La Revolución ha potenciado siempre que así sea. Celia Sánchez insistió mucho en la necesidad de convertirlos en ejes fructíferos para acercar la cultura al pueblo y otros como Eusebio Leal también se han empeñado en conseguirlo, incentivando a los artistas para que desde sus talleres luchen contra la incultura.
Durante todos estos años de proceso revolucionario se han entregado locales a creadores (lo cual no quiere decir que sea una demanda satisfecha) para que los conviertan en talleres y se vinculen con las comunidades. Se hizo común, incluso, a inicios de los 60, ver cómo algunos artistas, además de abrir al pueblo su espacio de trabajo, salían a las calles e iban de plaza en plaza hablando de arte, pintando y esculpiendo figuras (José Delarra, Adigio Benítez, Lesbia Vent Dumois y otros muchos lo hicieron bastante). Pero con los años se fue apagando ese fervor, por concepciones y formas organizativas equivocadas, hasta el punto de que en la actualidad no es la mayoría la que se toma en serio la misión de enriquecer con sus conocimientos la espiritualidad y percepción visual del medio donde habitan.

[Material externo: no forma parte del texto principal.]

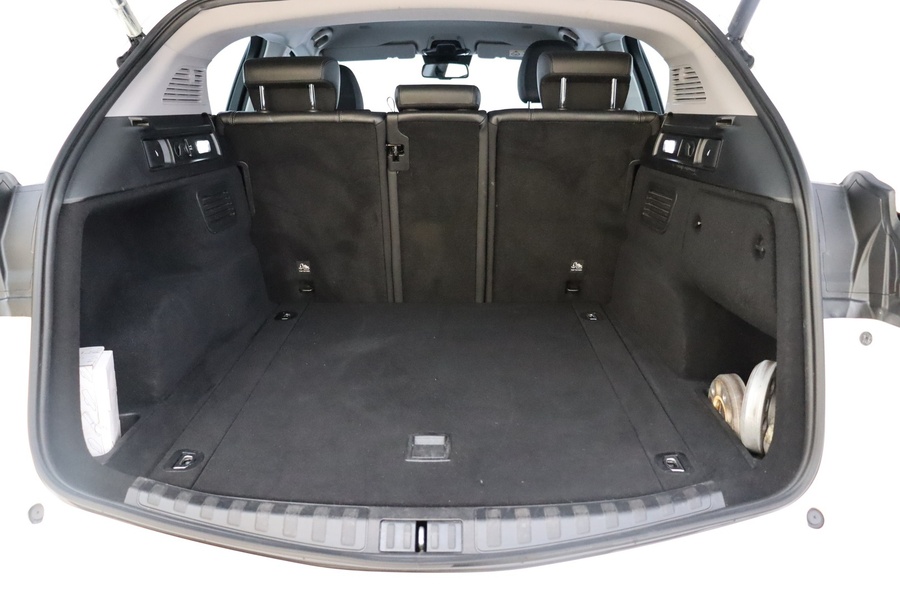 Alfa Romeo Stelvio vaihtoauto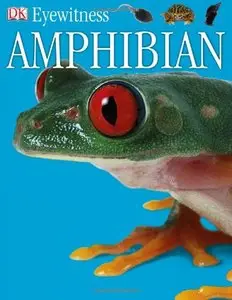 Amphibian (DK Eyewitness Books) (repost)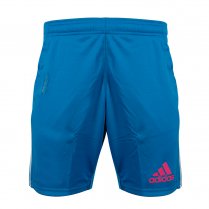 adidas Predator Senior Training Short Blue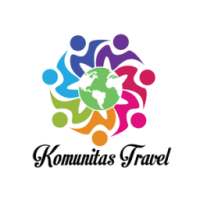 Komunitas Travel mobile app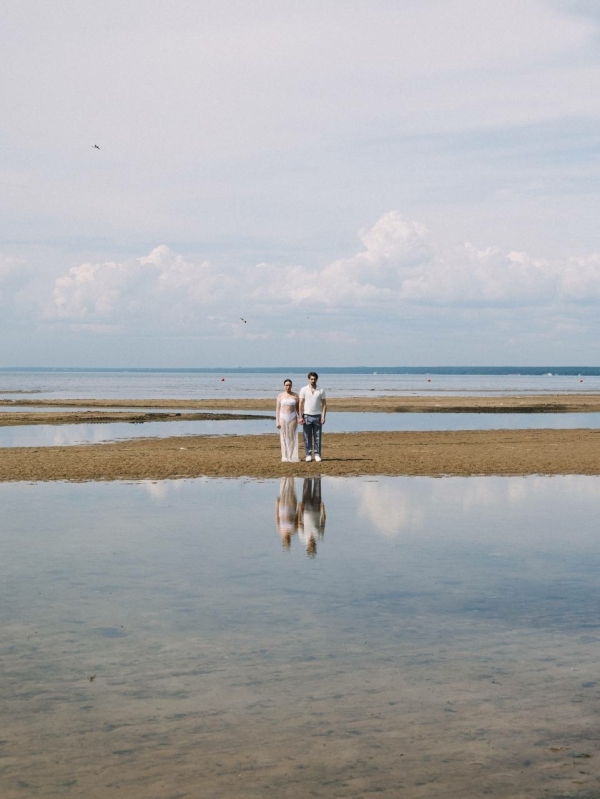 Интервью с невестой: о любви, как в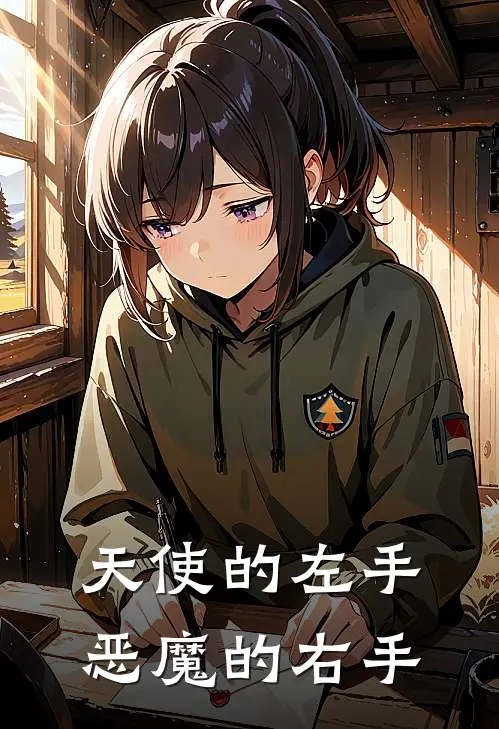 天使的左手恶魔的右手祈铭胡瑞戴德热门小说推荐_完本小说大全天使的左手恶魔的右手(祈铭胡瑞戴德)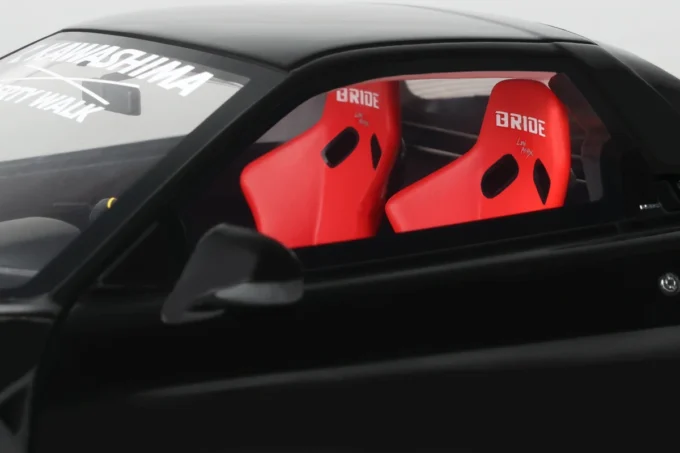 Honda NSX LB-Works – Image 10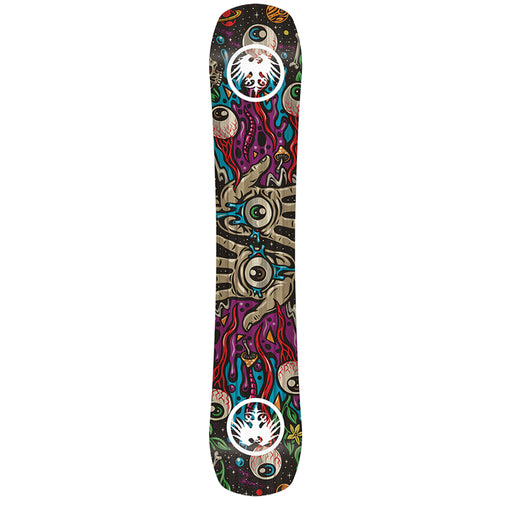 Never Summer Llama Snowboard 2026 (8967359168677)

Luego de haber dejado las aulas para concentrarse en el desarrollo y promoción de su obra (y por qué no, vivir gracias a ella), algunos de nuestros mejores creadores de la plástica se han desconectado de la dinámica social.
Pareciera que se hubieran olvidado que una vez tuvieron el privilegio de recibir una enseñanza de altísimo nivel y están, por tanto, en el deber moral de ofrecerles a las nuevas generaciones todo lo que les legaron maestros como Antonia Eiriz (Ñica), Mariano, Portocarrero...
Mucho se siente su ausencia en la docencia artística. Sin embargo, sería injusto pedirles que abandonen sus proyectos cuando es sabido que la batalla, como decía José Martí, «está en los talleres».
Pensando en Martí y en esta máxima suya me preguntaba si no sería mejor pedirles que faciliten el uso de sus talleres como centros de la dinámica formativa de la enseñanza artística, no solo desde el punto de vista práctico sino también como espacios de formación de criterios.
Qué hermoso sería que nuestros futuros artistas puedan ir a formarse en esos hornos donde se gesta lo más genuino de nuestra cultura. Pero no de una manera espontánea, sino ordenada y curricular, por supuesto, y en coordinación directa con artistas de nivel demostrado, que estén dispuestos a hacerlo y sepan comunicar. Esa podría ser una solución ante la falta de profesores en las aulas de la enseñanza artística y la necesidad de vincular la teoría con la práctica diaria.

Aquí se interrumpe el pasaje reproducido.